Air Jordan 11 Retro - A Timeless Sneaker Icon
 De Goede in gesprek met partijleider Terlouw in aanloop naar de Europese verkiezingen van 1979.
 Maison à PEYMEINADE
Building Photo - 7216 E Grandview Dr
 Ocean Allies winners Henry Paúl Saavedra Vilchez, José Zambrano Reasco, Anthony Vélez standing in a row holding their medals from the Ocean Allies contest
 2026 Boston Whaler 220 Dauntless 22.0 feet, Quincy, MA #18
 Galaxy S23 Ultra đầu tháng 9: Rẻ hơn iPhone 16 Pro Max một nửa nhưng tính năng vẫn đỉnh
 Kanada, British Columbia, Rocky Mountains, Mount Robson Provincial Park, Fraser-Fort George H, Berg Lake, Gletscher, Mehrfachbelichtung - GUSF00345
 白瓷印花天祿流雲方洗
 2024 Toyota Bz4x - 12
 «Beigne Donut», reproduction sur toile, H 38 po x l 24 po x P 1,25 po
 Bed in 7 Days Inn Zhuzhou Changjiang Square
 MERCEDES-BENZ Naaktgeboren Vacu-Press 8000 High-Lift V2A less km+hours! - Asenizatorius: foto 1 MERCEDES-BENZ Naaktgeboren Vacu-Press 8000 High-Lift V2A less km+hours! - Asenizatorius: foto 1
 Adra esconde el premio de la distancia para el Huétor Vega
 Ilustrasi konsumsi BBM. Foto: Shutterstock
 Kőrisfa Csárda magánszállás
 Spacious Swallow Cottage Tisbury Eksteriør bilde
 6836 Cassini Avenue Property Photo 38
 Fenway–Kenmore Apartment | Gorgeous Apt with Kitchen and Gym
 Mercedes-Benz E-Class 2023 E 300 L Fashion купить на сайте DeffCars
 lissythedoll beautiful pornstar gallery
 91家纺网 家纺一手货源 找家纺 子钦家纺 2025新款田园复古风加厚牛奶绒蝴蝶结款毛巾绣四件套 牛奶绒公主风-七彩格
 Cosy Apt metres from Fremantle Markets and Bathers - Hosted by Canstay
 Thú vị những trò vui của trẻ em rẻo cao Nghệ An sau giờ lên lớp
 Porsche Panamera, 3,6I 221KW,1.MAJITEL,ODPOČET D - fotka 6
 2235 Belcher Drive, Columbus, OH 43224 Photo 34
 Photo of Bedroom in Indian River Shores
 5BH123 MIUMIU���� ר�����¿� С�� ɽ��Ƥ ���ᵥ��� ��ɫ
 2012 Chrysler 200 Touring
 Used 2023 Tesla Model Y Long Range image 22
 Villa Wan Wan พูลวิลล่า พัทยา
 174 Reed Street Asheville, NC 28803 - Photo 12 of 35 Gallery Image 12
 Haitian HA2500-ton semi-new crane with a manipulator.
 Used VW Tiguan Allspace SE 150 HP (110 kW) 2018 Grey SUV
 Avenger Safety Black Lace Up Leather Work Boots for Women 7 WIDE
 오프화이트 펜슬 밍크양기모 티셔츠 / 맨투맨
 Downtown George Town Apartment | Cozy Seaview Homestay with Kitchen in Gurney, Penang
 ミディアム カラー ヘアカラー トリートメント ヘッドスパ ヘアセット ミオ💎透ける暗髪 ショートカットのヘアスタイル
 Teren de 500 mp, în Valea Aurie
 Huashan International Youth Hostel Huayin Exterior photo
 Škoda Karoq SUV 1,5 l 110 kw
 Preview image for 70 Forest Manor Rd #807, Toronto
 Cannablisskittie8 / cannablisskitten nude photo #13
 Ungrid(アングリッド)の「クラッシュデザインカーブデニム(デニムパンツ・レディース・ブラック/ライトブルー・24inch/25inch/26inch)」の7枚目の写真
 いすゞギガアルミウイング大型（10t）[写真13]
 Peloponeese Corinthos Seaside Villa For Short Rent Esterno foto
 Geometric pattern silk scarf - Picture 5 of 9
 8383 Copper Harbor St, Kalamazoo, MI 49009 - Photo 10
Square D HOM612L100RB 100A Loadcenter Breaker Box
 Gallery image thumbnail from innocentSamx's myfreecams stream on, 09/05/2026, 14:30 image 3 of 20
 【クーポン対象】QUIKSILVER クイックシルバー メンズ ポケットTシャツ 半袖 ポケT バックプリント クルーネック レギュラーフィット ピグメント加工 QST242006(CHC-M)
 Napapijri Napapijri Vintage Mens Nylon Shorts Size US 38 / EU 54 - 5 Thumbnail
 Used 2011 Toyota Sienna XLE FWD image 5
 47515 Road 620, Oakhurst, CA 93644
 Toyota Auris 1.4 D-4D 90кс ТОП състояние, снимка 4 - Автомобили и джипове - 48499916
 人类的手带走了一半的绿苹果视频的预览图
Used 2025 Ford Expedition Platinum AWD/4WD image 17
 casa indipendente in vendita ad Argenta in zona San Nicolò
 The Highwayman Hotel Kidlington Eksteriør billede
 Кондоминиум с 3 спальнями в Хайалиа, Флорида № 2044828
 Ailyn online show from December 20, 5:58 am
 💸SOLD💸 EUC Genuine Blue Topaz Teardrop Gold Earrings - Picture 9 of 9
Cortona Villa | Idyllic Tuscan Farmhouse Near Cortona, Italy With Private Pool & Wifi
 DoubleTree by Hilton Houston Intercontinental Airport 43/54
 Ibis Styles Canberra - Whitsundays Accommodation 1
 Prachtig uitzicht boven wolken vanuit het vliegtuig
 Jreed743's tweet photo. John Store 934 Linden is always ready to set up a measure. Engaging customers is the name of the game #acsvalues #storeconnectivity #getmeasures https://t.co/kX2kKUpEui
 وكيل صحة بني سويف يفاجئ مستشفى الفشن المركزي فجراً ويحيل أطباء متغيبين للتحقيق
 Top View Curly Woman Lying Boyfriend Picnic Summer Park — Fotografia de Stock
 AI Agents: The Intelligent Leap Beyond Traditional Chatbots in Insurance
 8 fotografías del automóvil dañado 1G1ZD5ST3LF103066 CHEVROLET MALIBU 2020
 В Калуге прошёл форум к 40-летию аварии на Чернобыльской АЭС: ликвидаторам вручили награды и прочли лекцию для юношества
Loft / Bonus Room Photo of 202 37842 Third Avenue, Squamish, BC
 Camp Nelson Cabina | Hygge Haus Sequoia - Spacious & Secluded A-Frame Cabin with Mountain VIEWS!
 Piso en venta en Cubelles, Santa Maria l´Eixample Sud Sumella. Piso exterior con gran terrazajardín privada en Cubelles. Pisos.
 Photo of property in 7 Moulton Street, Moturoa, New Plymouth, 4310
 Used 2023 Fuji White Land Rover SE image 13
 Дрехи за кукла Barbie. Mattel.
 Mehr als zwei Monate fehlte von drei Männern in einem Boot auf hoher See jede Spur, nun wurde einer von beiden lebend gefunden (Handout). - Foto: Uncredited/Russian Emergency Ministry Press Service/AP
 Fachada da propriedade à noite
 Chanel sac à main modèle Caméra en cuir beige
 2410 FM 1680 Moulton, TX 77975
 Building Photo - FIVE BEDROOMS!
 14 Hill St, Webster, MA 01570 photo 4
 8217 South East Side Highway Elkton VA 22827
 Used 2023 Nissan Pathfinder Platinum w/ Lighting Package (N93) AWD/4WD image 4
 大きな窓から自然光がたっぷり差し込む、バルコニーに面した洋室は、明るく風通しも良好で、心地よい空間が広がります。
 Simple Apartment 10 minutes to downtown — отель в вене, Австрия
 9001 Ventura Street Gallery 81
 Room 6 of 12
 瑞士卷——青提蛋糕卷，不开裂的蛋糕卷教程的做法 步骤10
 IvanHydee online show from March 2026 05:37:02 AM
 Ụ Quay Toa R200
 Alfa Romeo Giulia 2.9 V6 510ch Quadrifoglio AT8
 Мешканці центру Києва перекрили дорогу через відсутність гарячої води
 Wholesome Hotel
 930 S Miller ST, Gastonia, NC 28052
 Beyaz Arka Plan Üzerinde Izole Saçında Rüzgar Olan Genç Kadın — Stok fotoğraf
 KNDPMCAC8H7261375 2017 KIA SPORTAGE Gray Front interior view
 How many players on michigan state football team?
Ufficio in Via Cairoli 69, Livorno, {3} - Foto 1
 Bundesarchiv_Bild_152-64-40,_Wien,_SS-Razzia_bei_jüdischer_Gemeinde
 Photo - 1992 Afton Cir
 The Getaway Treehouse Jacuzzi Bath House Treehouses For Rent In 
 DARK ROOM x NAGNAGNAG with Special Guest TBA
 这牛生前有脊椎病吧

#####

* [What the exercise asks]
Return, word for word, the lines of the data above from the line with "IvanHydee online show" through the line with "Beyaz Arka Plan", inclusive.

* [Answer below]
 IvanHydee online show from March 2026 05:37:02 AM
 Ụ Quay Toa R200
 Alfa Romeo Giulia 2.9 V6 510ch Quadrifoglio AT8
 Мешканці центру Києва перекрили дорогу через відсутність гарячої води
 Wholesome Hotel
 930 S Miller ST, Gastonia, NC 28052
 Beyaz Arka Plan Üzerinde Izole Saçında Rüzgar Olan Genç Kadın — Stok fotoğraf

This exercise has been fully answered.